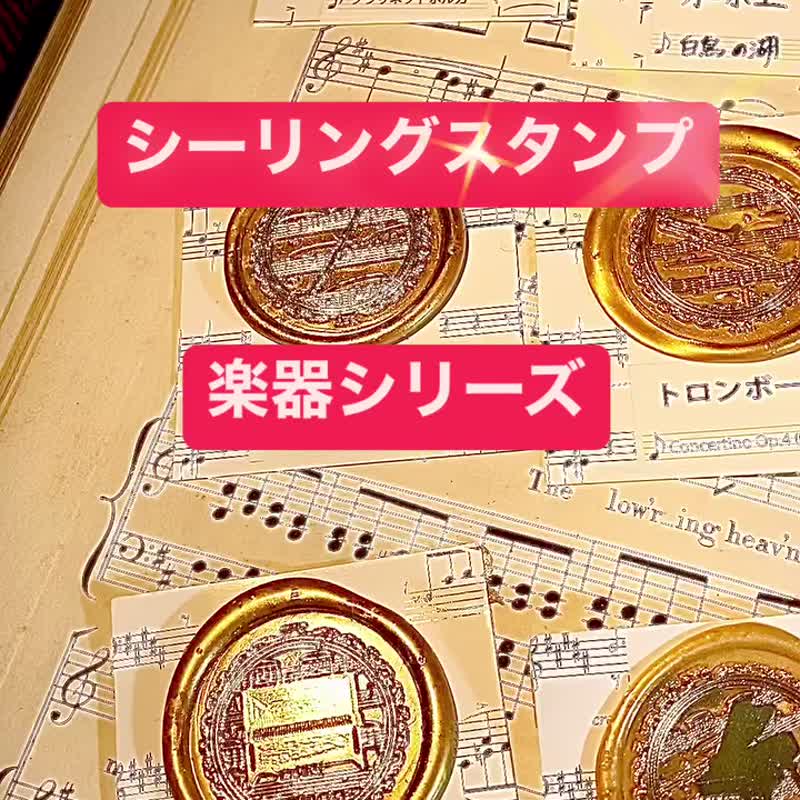 シーリングスタンプ　ヘッド　グランドピアノ　音楽　楽器　楽譜 - 印章/印台 - 其他金屬 金色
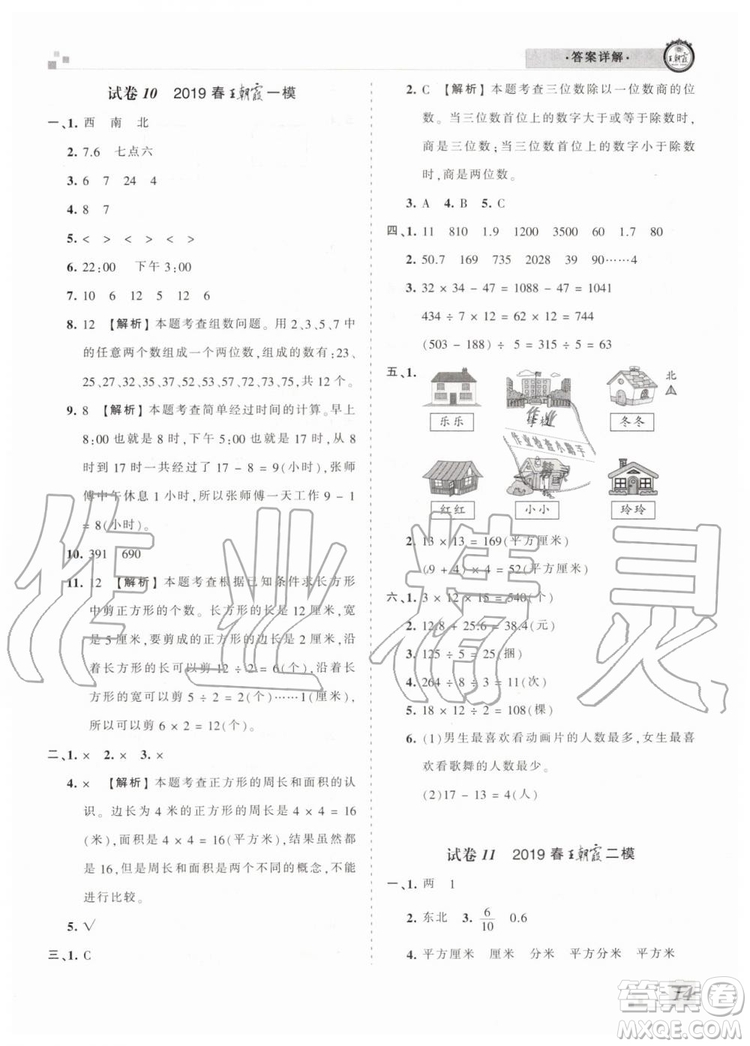 2019年河南專版王朝霞各地期末試卷精選三年級(jí)數(shù)學(xué)下冊(cè)人教版答案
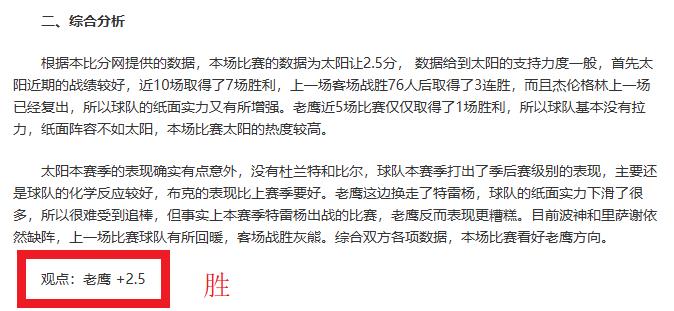 附加赛关键,对决,人主场优势,皇冠体育,皇冠体育入口,皇冠体育平台,皇冠体育官方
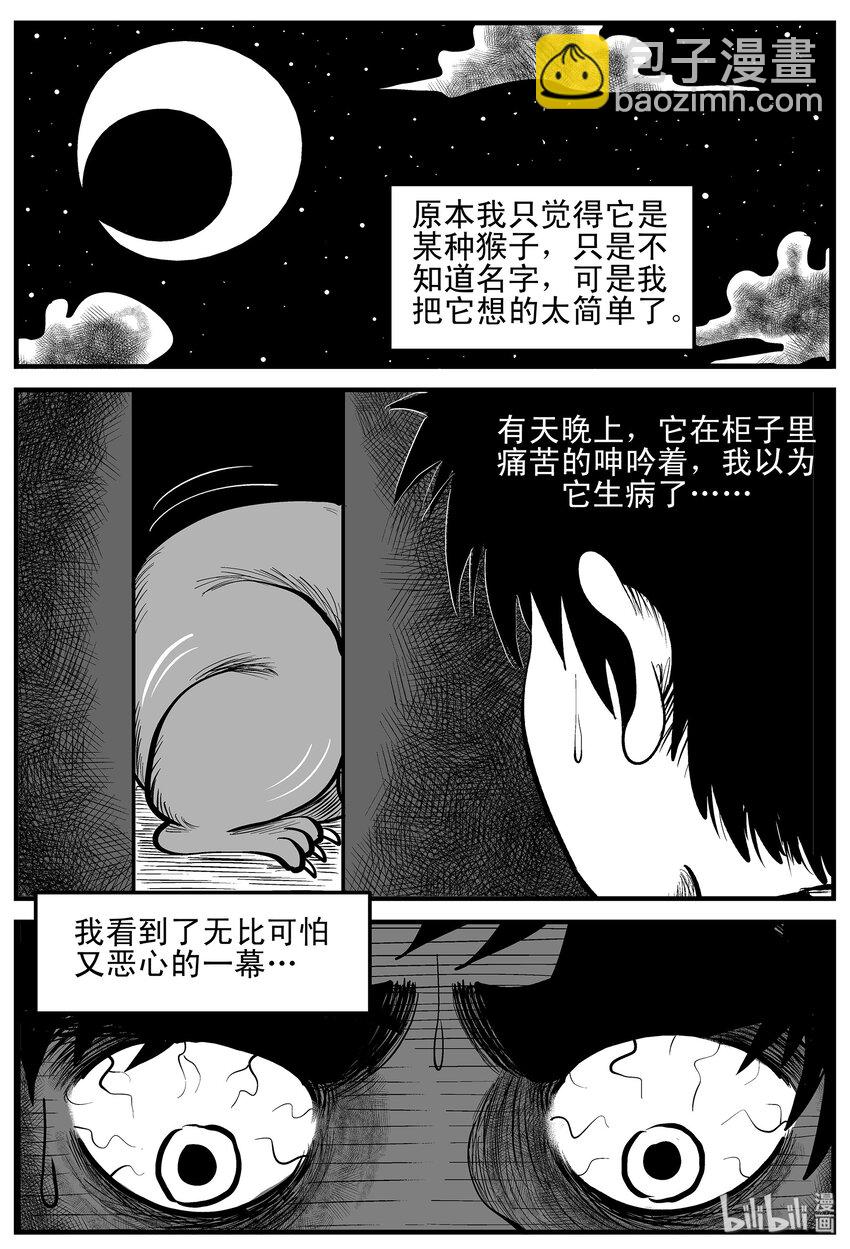 002 它1（2）-第2话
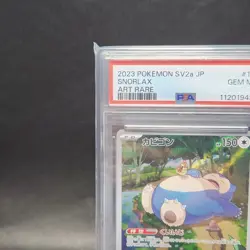 PSA 10 Snorlax AR 181/165 SV2a Pokemon Card 151 Pokemon Card Japanese 2023 - Image 4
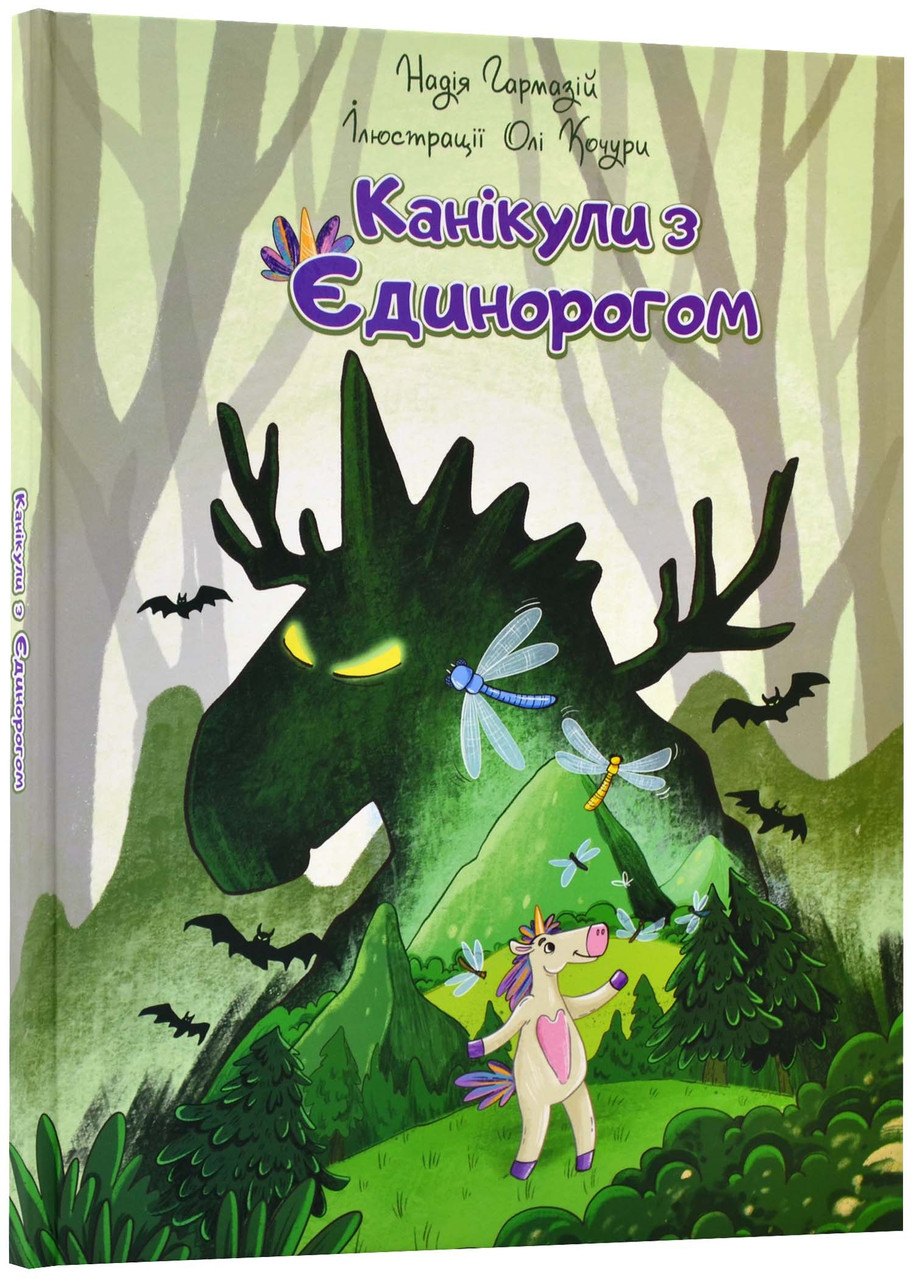 Канікули з єдинорогом
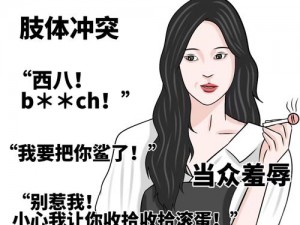 女教师举报校长后遭职场霸凌热，教培产品无忧辅导应运而生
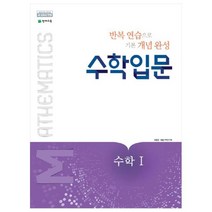 수학 입문 고등 수학1(2023):2015 개정ㅣ새 교과서 반영 | 반복연습으로 기본 개념 완성, 수학영역, 천재교육
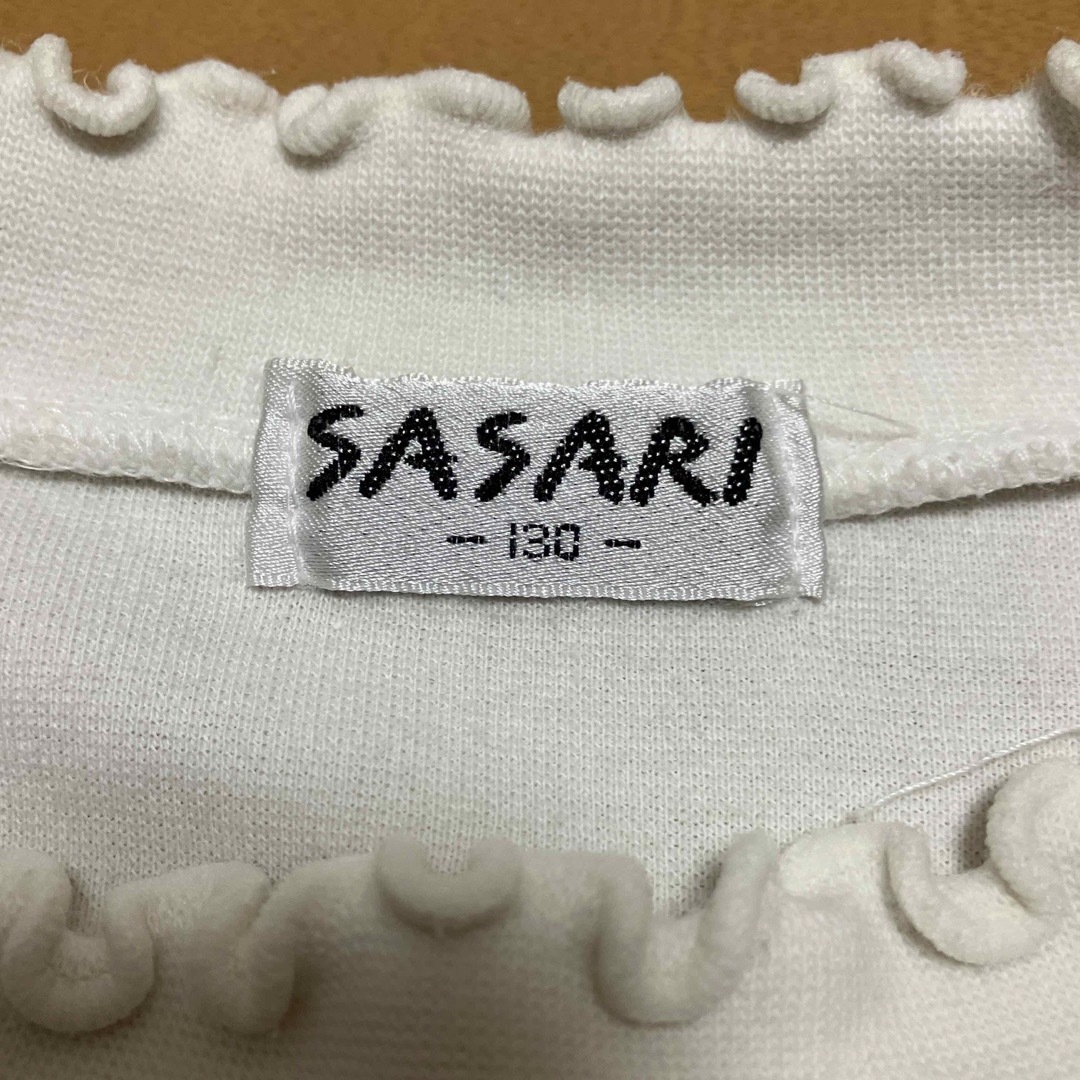 ハイネックTシャツ　ホワイト　SASARI   130 キッズ/ベビー/マタニティのキッズ服女の子用(90cm~)(Tシャツ/カットソー)の商品写真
= = =
**Work order**
Every line above should be transcribed word for word; leave the pictures out.

**Response area**
 シーリングスタンプ　ヘッド　グランドピアノ　音楽　楽器　楽譜 - 印章/印台 - 其他金屬 金色
 2019年河南專版王朝霞各地期末試卷精選三年級(jí)數(shù)學(xué)下冊(cè)人教版答案
 附加赛关键,对决,人主场优势,皇冠体育,皇冠体育入口,皇冠体育平台,皇冠体育官方
 002 它1（2）-第2话
 PSA 10 Snorlax AR 181/165 SV2a Pokemon Card 151 Pokemon Card Japanese 2023 - Image 4
 Канікули з єдинорогом
 女教师举报校长后遭职场霸凌热，教培产品无忧辅导应运而生
 수학 입문 고등 수학1(2023):2015 개정ㅣ새 교과서 반영 | 반복연습으로 기본 개념 완성, 수학영역, 천재교육
 ハイネックTシャツ　ホワイト　SASARI   130 キッズ/ベビー/マタニティのキッズ服女の子用(90cm~)(Tシャツ/カットソー)の商品写真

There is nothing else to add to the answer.